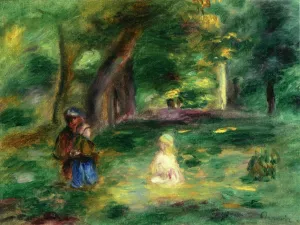 Three Figures in a Landscape by Pierre-Auguste Renoir - Oil Painting Three Figures in a Landscape by Pierre-Auguste Renoir - Hand-Painted Oil Painting Reproduction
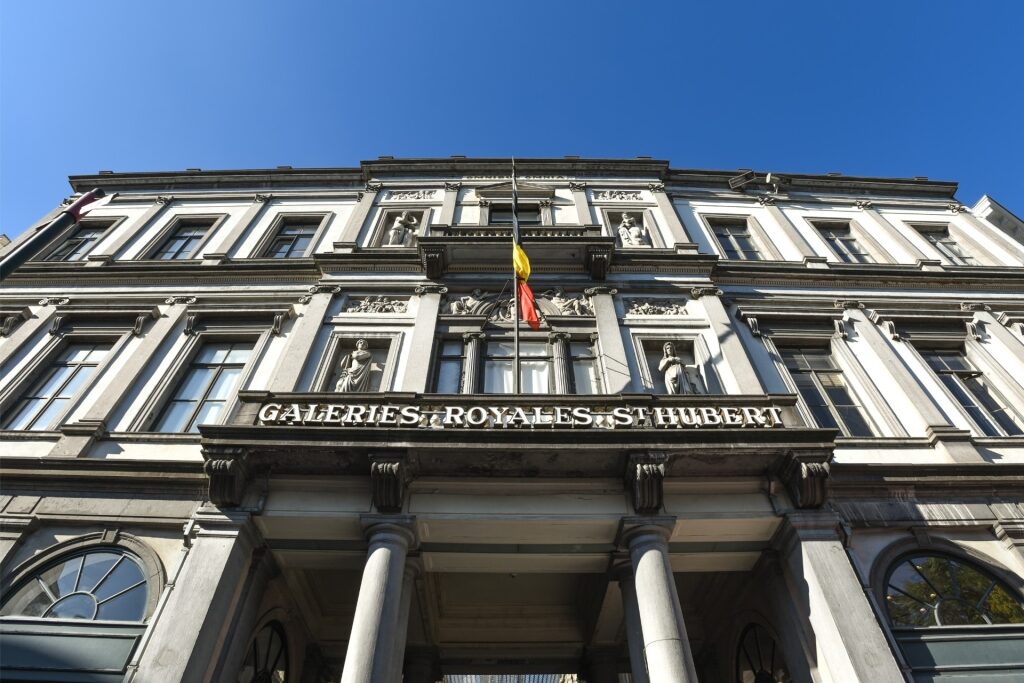 Exterior of Galeries Royales Saint-Hubert in Brussels, Belgium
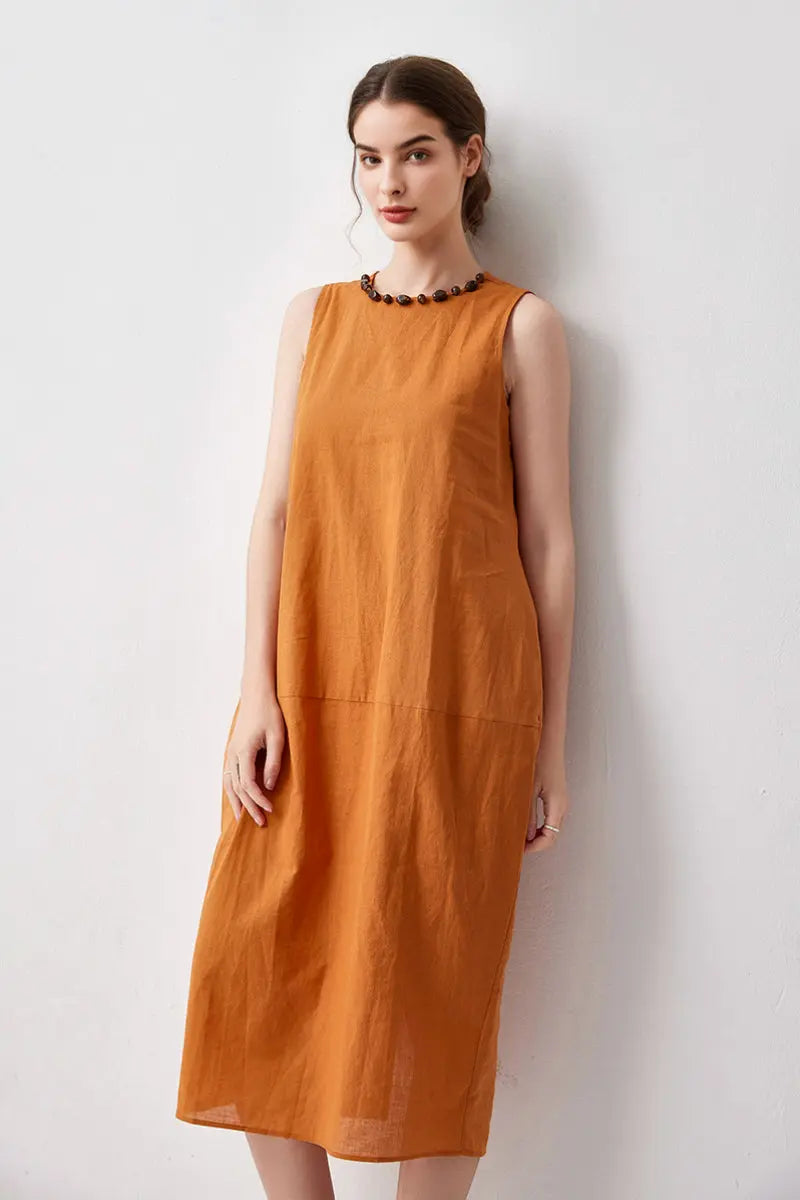 100 Linen Sleeveless Midi Dress With Back Slit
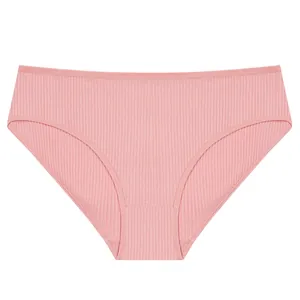 Comfortable pink ribbed cotton low waist briefs for women with breathable fabric design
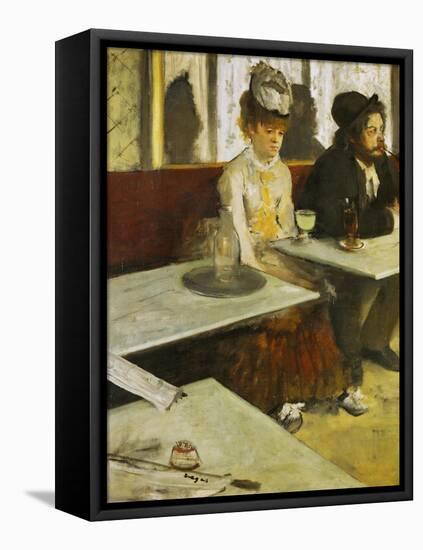 Dans Un Cafe or L'Absinthe, Ellen Andree and Marcellin Desboutin, Around 1875-1876-Edgar Degas-Framed Stretched Canvas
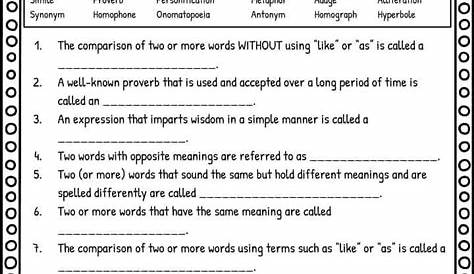 Figurative Language Worksheets | Definition & Examples | Language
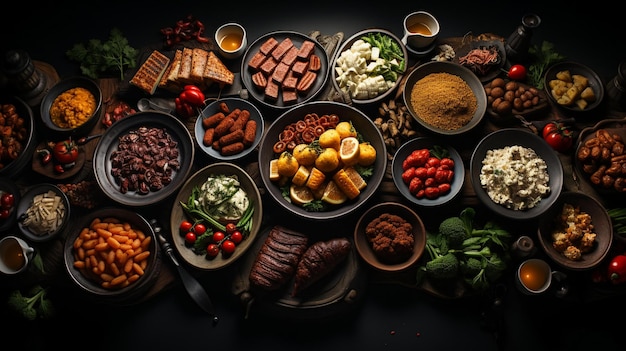 Top view over food banquet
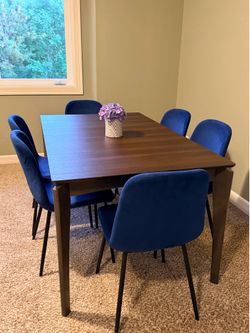 Dining table and six chairs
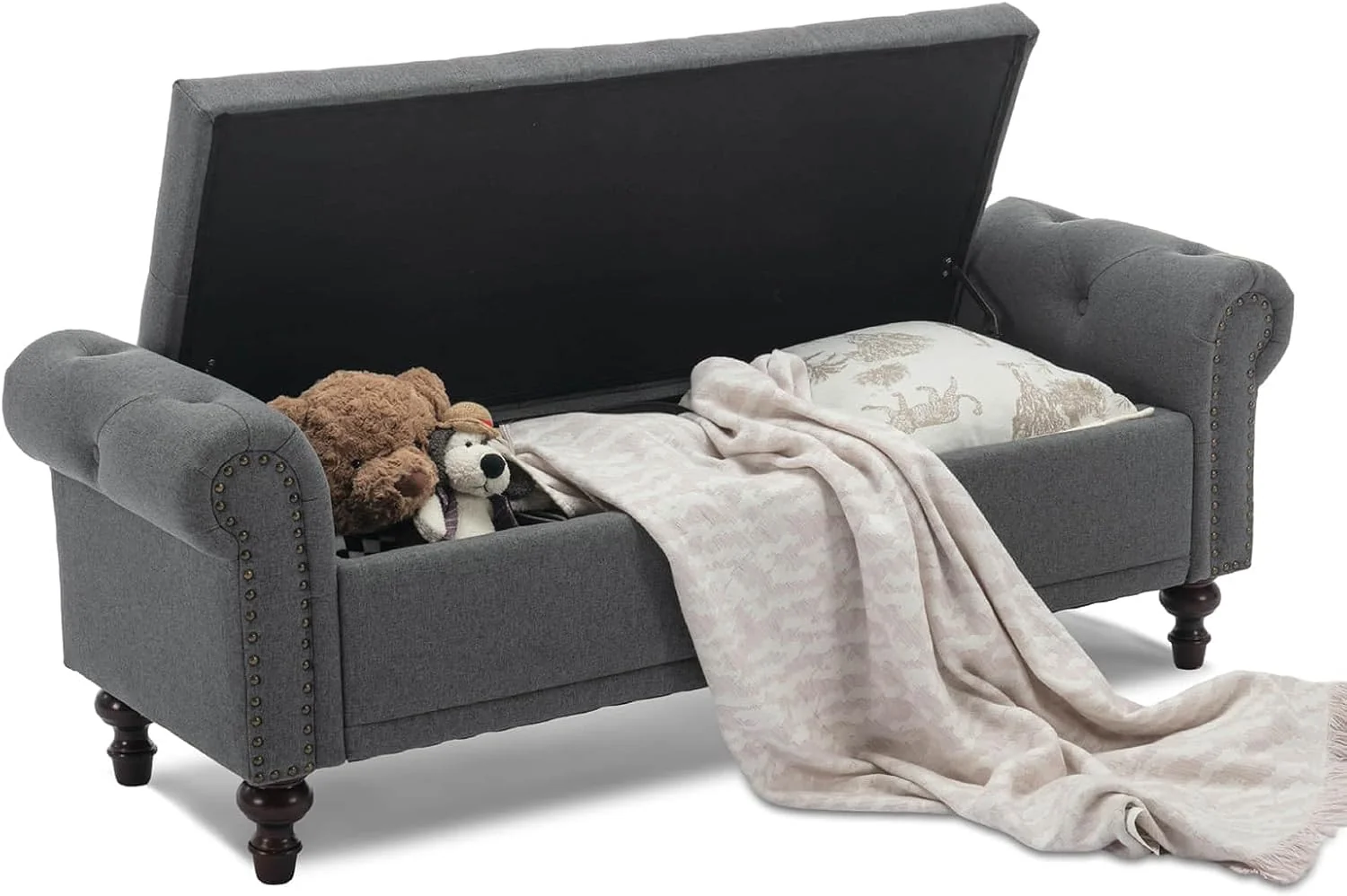 Lightweight 58.1” Storage Bench Upholstered Linen End of Bedroom Bed Bench Ottoman with Tufted Cushioned Rolled Arm Large Storage Space for Reading Living Room Entryway Grey Smart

**Task directions**
Set down, exactly as written above, each line from the one with "Exterior of Galeries" through the one with "Dans Un Cafe", and skip the pictures.

**Result for this task**
 Exterior of Galeries Royales Saint-Hubert in Brussels, Belgium
 100 Linen Sleeveless Midi Dress With Back Slit
 Comfortable pink ribbed cotton low waist briefs for women with breathable fabric design
 Dans Un Cafe or L'Absinthe, Ellen Andree and Marcellin Desboutin, Around 1875-1876-Edgar Degas-Framed Stretched Canvas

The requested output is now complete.